Portland, Oregon, seems optimistic about the recent installation of hydro-electric turbines in some of their city’s drinking water pipes. The project has been getting a lot of press of late; check out this January 17, 2018 feature:
PBS also detailed the project in this six-minute feature: https://www.pbs.org/newshour/show/water-power .
It’s an exciting idea, but can it work in Vermont?
Offhand, one would think so. Water’s electrical energy potential is largely a matter of “head” (how far water falls) and “flow” (how many gallons per minute). We have good precipitation to provide flow, and most areas have enough head thanks to high hills and a population concentrated mostly in river valleys.
In fact, the potential for in-conduit microhydro has been considered in Vermont for years.
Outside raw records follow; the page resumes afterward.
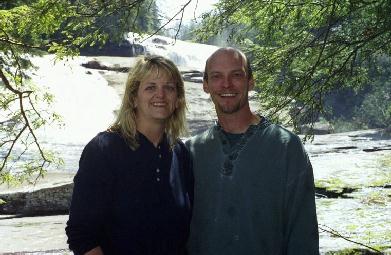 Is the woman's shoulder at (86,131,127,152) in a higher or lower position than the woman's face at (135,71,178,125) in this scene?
lower

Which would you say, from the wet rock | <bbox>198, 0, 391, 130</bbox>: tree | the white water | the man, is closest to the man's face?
the man

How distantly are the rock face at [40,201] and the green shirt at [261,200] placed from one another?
8.99 meters

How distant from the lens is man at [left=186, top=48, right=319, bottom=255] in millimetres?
2600

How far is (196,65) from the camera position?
1603 inches

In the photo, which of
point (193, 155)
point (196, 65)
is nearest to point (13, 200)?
point (193, 155)

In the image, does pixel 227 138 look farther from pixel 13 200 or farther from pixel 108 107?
pixel 108 107

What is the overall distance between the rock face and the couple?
8.88 meters

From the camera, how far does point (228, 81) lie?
280 centimetres

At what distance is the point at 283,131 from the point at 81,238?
114 cm

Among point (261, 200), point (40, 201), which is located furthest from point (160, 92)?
point (40, 201)

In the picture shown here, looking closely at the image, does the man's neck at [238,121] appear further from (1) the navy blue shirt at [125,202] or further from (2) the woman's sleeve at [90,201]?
(2) the woman's sleeve at [90,201]

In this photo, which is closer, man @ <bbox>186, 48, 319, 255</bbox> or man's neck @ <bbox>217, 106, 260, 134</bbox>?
man @ <bbox>186, 48, 319, 255</bbox>

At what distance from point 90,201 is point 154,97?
634 mm

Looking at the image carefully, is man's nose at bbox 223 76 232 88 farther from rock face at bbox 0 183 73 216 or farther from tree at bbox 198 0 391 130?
rock face at bbox 0 183 73 216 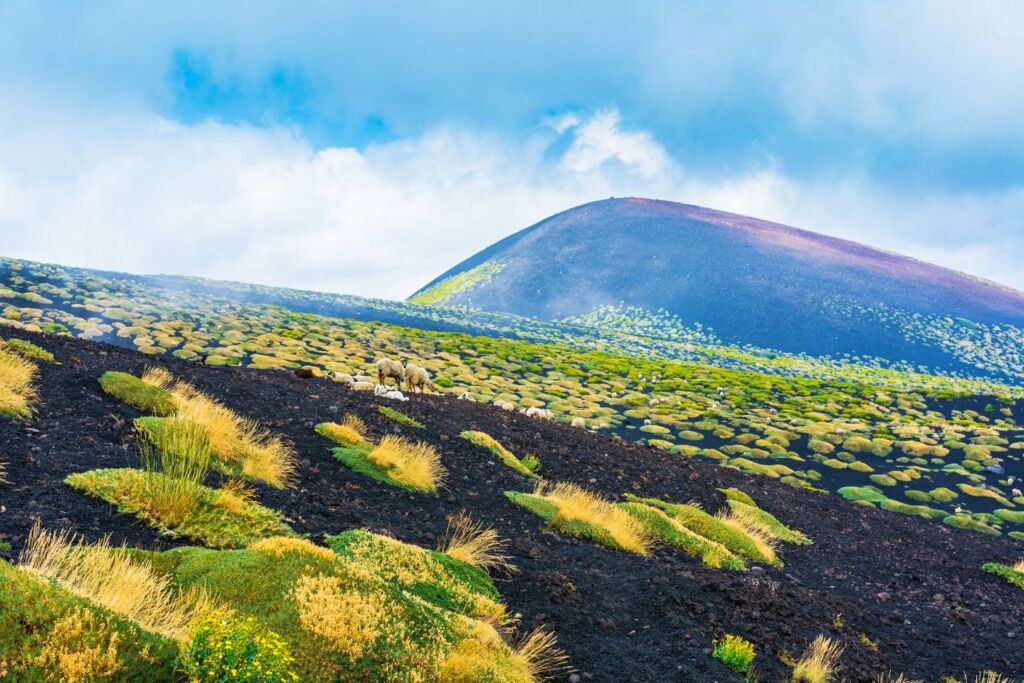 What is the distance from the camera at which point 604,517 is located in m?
12.2

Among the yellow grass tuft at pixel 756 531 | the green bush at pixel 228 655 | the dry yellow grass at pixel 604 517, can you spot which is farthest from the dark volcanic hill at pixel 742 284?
the green bush at pixel 228 655

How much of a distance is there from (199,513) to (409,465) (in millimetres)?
4720

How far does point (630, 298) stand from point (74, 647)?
5329 inches

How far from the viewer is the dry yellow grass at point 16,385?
941cm

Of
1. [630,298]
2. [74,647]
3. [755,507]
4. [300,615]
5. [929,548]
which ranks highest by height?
[630,298]

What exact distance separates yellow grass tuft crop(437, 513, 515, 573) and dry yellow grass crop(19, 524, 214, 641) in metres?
3.47

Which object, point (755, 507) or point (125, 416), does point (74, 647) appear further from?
point (755, 507)

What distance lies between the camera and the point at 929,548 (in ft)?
63.1

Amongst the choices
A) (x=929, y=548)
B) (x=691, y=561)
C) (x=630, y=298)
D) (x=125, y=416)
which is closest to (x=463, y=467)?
(x=691, y=561)

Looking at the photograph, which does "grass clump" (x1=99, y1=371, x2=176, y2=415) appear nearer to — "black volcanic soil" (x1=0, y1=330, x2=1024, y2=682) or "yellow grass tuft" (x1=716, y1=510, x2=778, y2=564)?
"black volcanic soil" (x1=0, y1=330, x2=1024, y2=682)

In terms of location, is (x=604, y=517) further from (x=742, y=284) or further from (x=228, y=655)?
(x=742, y=284)

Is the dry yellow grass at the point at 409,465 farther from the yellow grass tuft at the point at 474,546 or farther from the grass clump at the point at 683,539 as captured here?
the grass clump at the point at 683,539

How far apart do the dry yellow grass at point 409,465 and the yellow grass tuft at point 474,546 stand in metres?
1.61

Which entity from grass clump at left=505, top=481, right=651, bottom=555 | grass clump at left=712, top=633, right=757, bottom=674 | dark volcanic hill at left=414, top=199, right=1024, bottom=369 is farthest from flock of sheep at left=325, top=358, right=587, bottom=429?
dark volcanic hill at left=414, top=199, right=1024, bottom=369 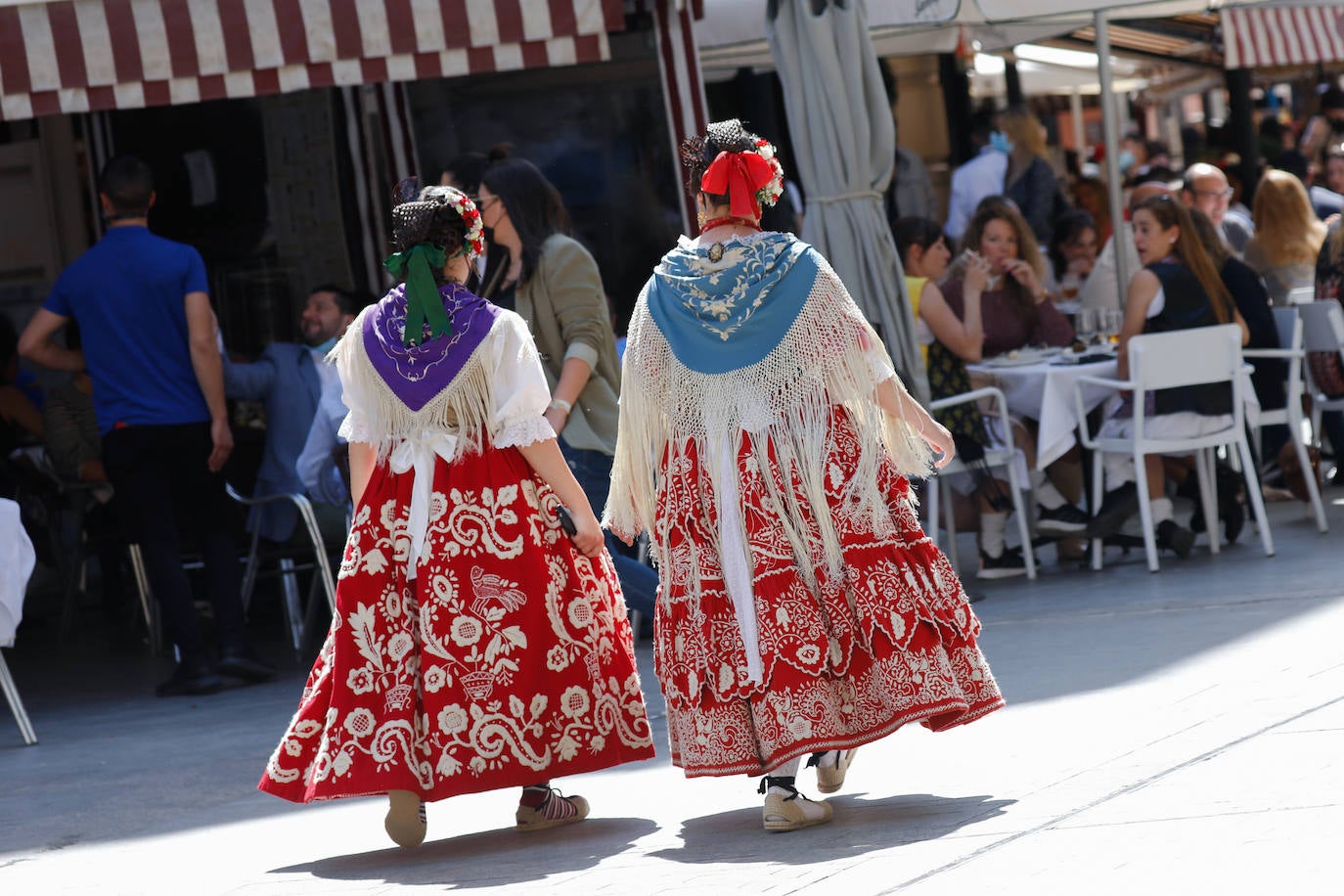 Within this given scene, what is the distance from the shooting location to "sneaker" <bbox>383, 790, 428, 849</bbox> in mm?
4641

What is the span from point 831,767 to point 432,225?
165 centimetres

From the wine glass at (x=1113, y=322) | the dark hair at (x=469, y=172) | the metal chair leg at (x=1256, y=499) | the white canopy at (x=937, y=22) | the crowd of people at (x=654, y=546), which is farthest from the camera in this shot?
the wine glass at (x=1113, y=322)

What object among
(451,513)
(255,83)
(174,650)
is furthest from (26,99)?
(451,513)

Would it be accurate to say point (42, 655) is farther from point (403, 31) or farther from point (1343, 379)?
point (1343, 379)

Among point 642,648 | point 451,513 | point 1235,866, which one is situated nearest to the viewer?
point 1235,866

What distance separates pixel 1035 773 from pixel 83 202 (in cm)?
847

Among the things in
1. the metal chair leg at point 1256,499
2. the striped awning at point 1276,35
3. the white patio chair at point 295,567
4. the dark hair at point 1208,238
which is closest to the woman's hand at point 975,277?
the dark hair at point 1208,238

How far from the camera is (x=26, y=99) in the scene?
735cm

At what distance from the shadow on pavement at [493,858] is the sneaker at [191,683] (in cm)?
266

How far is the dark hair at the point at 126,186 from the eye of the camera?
23.6ft

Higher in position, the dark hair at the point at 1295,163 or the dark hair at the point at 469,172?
the dark hair at the point at 469,172

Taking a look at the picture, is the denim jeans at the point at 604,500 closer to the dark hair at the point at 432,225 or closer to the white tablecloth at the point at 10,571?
the dark hair at the point at 432,225

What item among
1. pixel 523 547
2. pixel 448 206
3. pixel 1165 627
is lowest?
pixel 1165 627

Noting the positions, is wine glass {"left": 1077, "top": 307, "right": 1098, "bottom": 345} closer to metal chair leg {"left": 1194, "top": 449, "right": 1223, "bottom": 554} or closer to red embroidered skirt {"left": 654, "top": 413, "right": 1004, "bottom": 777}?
metal chair leg {"left": 1194, "top": 449, "right": 1223, "bottom": 554}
In 2013, Barre hired Rentricity, Inc., to construct a 12 kW demonstration project, using grant funds from the Vermont Clean Energy Development Fund and Vermont Agency of Natural Resources. It diverts, and returns, 400 GPM of the city’s approximately 4,000 GPM average flow.
According to William Ahearn, Barre’s director of Public Works, the unit is still up and running. However, it has never delivered its theoretical full output capacity. Ahearn blames nuances of pressure and electrical management technologies, and says the city and manufacturer are continuing efforts to improve its performance. Below: The Barre unit.
You can read about the Barre City case study, and see photos, at: https://rentricity.com/wp-content/uploads/2014/07/City-of-Barre-Case-Study-7-14.pdf . Fuss & O’Neil partnered with EcoStrategies to create this presentation about Barre’s potential: http://www.vecan.net/wp-content/uploads/jeff-McDonald_VECAN_Barre-Micro-Hydro-Project.pdf
Bennington also installed a small in-conduit unit in 2014, about the same generation capacity as Barre’s. According to Bennington water operator Brian Billert, it works well most of the time, but high silt levels brought by heavy rains can impair function. Below: Bennington’s setup.
Does your town have what it takes?
For a seat-of-the-pants guesstimate: Power (in watts) = Head (height, in vertical feet, between your source and your treatment plant) X Flow (in gallons per minute) X 0.09 (factor for turbine efficiency, pipe losses, friction, etc.). H X F X .09 = generator’s watt capacity.
Example: Your reservoir intake is 300 feet above your treatment plant, and it feeds you 2,000 gallons per minute. 300 x 2,000 = 600,000. Now, factor in the 0.09, and you get 54,000 Watts, or about 54 kiloWatts (kW) maximum electrical generation potential.
If a 54 kW (average capacity) turbine runs all day every day, you get enough juice to supply electricity to 69 Vermont homes (per Green Mountain Power residential 2016 averages).
Of course, it depends on how much of your total flow you divert to the unit. Also, daily water volume use and electrical demand vary, and maintenance downtime can change this equation. And, to the H X F X .09 calculation, add an unknown factor for a town’s enthusiasm for innovating — and spending money.